[Web page caption snippets]
━━━━━━━━━━━━━━━━
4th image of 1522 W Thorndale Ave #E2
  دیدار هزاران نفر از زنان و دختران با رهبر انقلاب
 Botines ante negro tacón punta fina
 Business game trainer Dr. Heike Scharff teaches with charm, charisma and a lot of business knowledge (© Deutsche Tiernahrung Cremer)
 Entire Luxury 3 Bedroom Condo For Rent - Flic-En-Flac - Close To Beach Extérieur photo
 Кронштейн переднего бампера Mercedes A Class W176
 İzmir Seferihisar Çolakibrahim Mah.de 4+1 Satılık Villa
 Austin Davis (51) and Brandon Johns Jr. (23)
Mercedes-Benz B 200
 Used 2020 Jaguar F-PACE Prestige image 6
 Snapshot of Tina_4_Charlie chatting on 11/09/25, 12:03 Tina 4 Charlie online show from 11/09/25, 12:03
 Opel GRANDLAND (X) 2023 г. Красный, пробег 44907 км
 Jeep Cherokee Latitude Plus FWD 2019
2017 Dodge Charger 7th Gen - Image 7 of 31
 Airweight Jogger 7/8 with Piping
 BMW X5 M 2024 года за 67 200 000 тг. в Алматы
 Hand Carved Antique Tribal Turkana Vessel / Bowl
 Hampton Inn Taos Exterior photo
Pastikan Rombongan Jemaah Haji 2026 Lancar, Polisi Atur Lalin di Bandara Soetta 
━━━━━━━━━━━━━━━━
__WHAT THE TASK REQUIRES__
Every record above is to be restated exactly as it reads.

__WRITTEN SOLUTION__
4th image of 1522 W Thorndale Ave #E2
  دیدار هزاران نفر از زنان و دختران با رهبر انقلاب
 Botines ante negro tacón punta fina
 Business game trainer Dr. Heike Scharff teaches with charm, charisma and a lot of business knowledge (© Deutsche Tiernahrung Cremer)
 Entire Luxury 3 Bedroom Condo For Rent - Flic-En-Flac - Close To Beach Extérieur photo
 Кронштейн переднего бампера Mercedes A Class W176
 İzmir Seferihisar Çolakibrahim Mah.de 4+1 Satılık Villa
 Austin Davis (51) and Brandon Johns Jr. (23)
Mercedes-Benz B 200
 Used 2020 Jaguar F-PACE Prestige image 6
 Snapshot of Tina_4_Charlie chatting on 11/09/25, 12:03 Tina 4 Charlie online show from 11/09/25, 12:03
 Opel GRANDLAND (X) 2023 г. Красный, пробег 44907 км
 Jeep Cherokee Latitude Plus FWD 2019
2017 Dodge Charger 7th Gen - Image 7 of 31
 Airweight Jogger 7/8 with Piping
 BMW X5 M 2024 года за 67 200 000 тг. в Алматы
 Hand Carved Antique Tribal Turkana Vessel / Bowl
 Hampton Inn Taos Exterior photo
Pastikan Rombongan Jemaah Haji 2026 Lancar, Polisi Atur Lalin di Bandara Soetta 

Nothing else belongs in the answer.